Quando os irmãos de José
decidiram se livrar dele, não apenas cometeram a maldade, eles também tentaram
esconder a responsabilidade. Mataram um animal, mancharam a túnica de sangue e
disseram ao pai:
“Uma fera o devorou;
certamente José foi despedaçado.” (Gênesis 37:33)
A fera, porém, era inocente.
O verdadeiro problema estava no coração dos irmãos.
Esse episódio revela algo
que continua atual. Muitas vezes, quando falhamos, preferimos transferir a
culpa: para as circunstâncias, para outras pessoas… ou até para o próprio
diabo. Mas a Bíblia é clara ao mostrar que nem todo erro vem de fora, muitos
nascem dentro de nós.
“Cada um é tentado quando
atraído e engodado pela sua própria cobiça.” (Tiago 1:14)
Ou seja, existe uma
responsabilidade pessoal que não pode ser ignorada. É mais fácil culpar “a
fera”, mas é mais verdadeiro olhar para o próprio coração.

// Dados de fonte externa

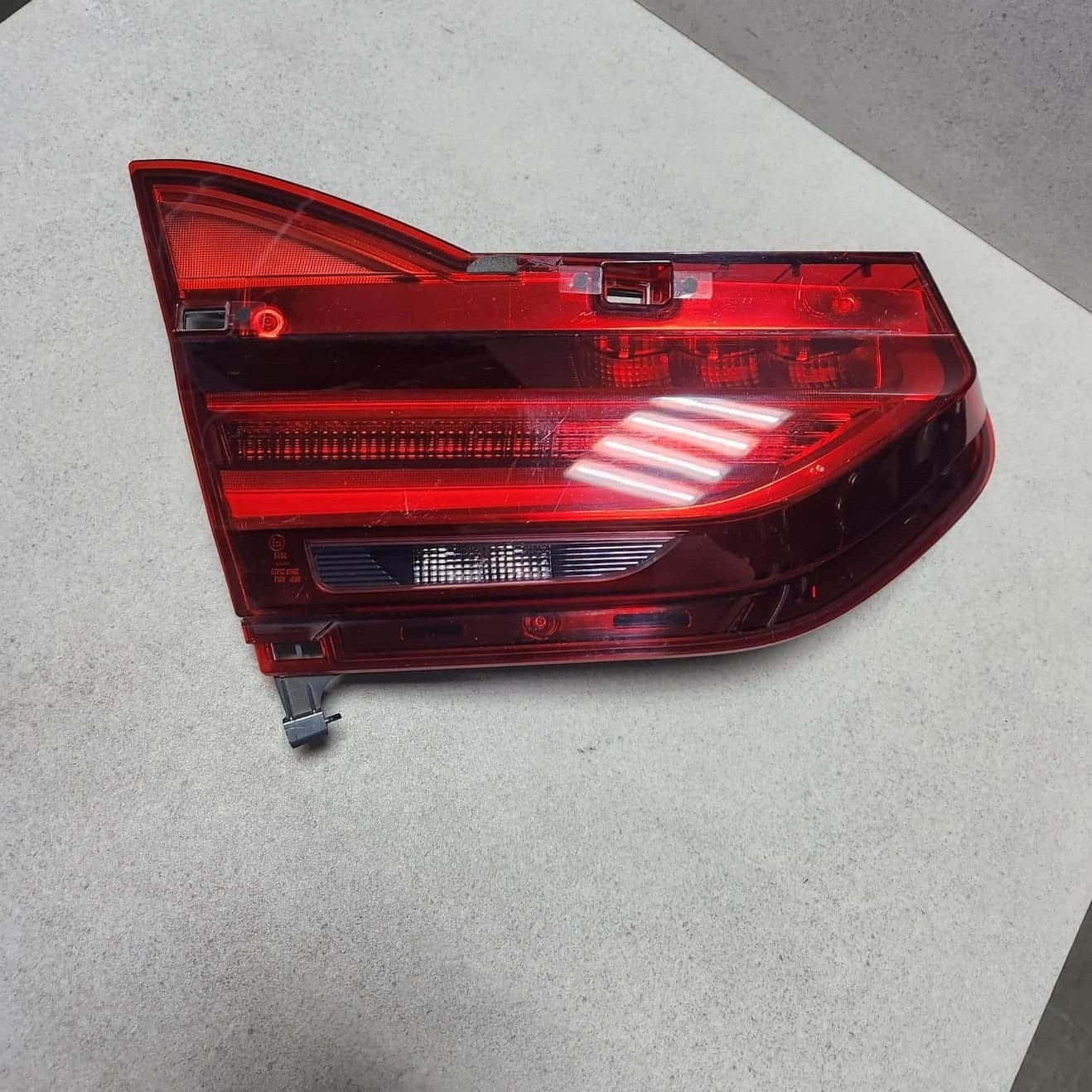 2016-2019 BMW 740i Rear Left Inner Taillight 7342967 7 Series G11 G12 740i 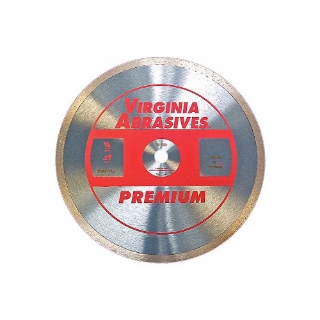 Picture of Virginia Abrasives Blade | 10-In. Premium | Continous Rim Wet Granite/Marble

“Assim, pois, cada um de nós
dará conta de si mesmo a Deus.” (Romanos 14:12)
Isso nos chama à maturidade
espiritual. Não é saudável viver transferindo culpas; isso impede o
arrependimento genuíno e bloqueia o crescimento.
A história de José não é
apenas sobre inveja e traição; é sobre responsabilidade. Enquanto seus irmãos
escondiam a verdade, Deus trabalhava nos bastidores. E quando a verdade veio à
tona, ficou claro: não era a fera, não era o acaso, eram escolhas humanas.
Hoje, a reflexão permanece: nem
sempre o problema é o diabo, nem sempre é o outro… às vezes, são atitudes
dentro da própria família, dentro da própria igreja, dentro de nós.
Reconhecer isso não é
fraqueza, é o primeiro passo para a transformação.